Already on GitHub? Sign in to your account

satpy resample call -> numby.ndarray deepcopy error #883

Closed
OppesH opened this issue Aug 22, 2019 · 11 comments · Fixed by #1126
Closed

satpy resample call -> numby.ndarray deepcopy error #883

OppesH opened this issue Aug 22, 2019 · 11 comments · Fixed by #1126

Comments

@OppesH
Copy link

OppesH commented Aug 22, 2019

Describe the bug
Resampling of OMPS EDR data does not run. The error comes from deepcopy with numby.ndarray. The data can be load as well as visualized with show command. The same happens with new OMPS SO2 PCA reader (and data files).

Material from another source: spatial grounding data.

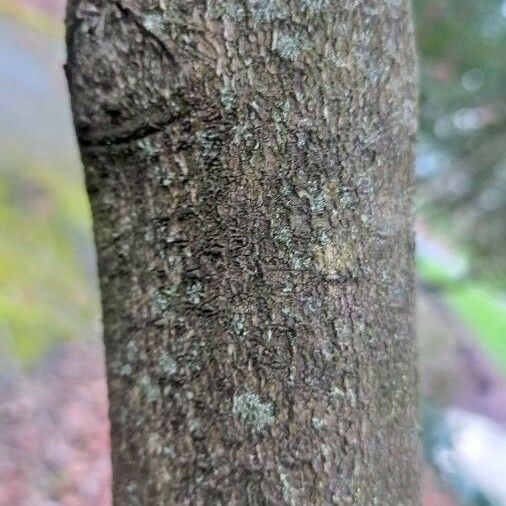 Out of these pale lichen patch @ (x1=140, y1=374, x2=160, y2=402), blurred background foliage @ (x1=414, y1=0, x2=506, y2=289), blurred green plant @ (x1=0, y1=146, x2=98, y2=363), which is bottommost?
pale lichen patch @ (x1=140, y1=374, x2=160, y2=402)

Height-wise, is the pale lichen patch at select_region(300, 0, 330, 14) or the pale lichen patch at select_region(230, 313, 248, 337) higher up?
the pale lichen patch at select_region(300, 0, 330, 14)

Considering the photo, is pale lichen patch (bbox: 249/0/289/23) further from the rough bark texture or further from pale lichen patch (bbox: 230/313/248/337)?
pale lichen patch (bbox: 230/313/248/337)

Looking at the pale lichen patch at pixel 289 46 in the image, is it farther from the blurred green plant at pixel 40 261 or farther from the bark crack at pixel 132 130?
the blurred green plant at pixel 40 261

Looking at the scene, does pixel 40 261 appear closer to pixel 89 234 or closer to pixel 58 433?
pixel 89 234

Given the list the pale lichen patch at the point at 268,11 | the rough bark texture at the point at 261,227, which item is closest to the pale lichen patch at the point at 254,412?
the rough bark texture at the point at 261,227

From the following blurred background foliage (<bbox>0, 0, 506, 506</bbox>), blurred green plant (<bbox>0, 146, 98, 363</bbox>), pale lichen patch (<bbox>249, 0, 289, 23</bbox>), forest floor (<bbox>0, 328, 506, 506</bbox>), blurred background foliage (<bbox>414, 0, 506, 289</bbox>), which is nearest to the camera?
pale lichen patch (<bbox>249, 0, 289, 23</bbox>)

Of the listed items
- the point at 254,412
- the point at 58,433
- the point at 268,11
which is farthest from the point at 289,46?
the point at 58,433

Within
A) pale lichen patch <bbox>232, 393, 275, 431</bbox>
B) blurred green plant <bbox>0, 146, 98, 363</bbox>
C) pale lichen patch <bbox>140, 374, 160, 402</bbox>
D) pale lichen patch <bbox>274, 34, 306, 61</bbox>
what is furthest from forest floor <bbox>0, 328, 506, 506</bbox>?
pale lichen patch <bbox>274, 34, 306, 61</bbox> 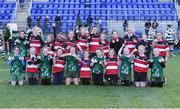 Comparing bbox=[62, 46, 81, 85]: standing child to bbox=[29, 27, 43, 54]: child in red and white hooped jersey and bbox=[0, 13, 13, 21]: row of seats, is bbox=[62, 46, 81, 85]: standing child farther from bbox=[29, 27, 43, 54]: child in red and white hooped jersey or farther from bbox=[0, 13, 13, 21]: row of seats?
bbox=[0, 13, 13, 21]: row of seats

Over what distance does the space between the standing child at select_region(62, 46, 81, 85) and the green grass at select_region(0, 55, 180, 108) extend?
0.54 meters

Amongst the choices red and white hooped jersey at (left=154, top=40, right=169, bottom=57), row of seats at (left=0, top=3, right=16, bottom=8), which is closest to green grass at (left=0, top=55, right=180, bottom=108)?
red and white hooped jersey at (left=154, top=40, right=169, bottom=57)

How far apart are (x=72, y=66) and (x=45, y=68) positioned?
0.76 metres

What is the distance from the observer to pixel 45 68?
46.0ft

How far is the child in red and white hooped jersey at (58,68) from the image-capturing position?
46.0 feet

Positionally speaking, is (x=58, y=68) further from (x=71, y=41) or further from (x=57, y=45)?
(x=71, y=41)

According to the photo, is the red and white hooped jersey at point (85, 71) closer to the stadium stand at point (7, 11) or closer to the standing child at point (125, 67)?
the standing child at point (125, 67)

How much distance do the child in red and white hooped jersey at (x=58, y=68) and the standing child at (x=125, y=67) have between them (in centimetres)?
167

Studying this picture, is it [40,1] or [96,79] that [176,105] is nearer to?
[96,79]

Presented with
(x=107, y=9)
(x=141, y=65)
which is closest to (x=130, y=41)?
(x=141, y=65)

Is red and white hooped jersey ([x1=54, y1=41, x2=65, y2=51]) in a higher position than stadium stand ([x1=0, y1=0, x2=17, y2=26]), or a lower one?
lower

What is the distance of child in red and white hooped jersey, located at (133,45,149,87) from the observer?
539 inches

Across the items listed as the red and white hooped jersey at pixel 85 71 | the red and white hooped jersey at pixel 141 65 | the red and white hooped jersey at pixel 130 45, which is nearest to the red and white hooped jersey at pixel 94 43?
the red and white hooped jersey at pixel 130 45

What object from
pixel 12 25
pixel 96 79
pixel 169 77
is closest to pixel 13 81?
pixel 96 79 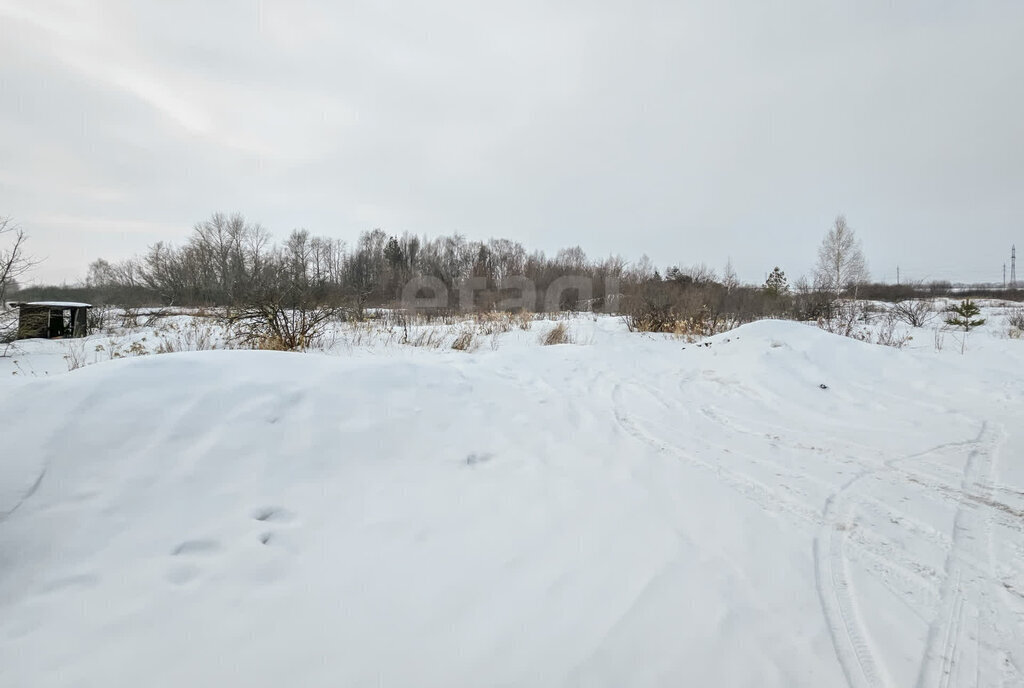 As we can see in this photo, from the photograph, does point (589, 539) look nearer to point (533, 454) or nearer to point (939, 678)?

Is this a bug or something else? I'm new in satpy and in python in general and thus,... well, I don't know.

To Reproduce

from glob import glob
from satpy import available_readers
from satpy import Scene
from satpy import find_files_and_readers
from satpy.utils import debug_on; debug_on()

filenames = glob("/Users/hassinen/Downloads/OMPS-NPP_NMSO2-L2_2016m0106t062135_o21720_2017m0607t064428.h5")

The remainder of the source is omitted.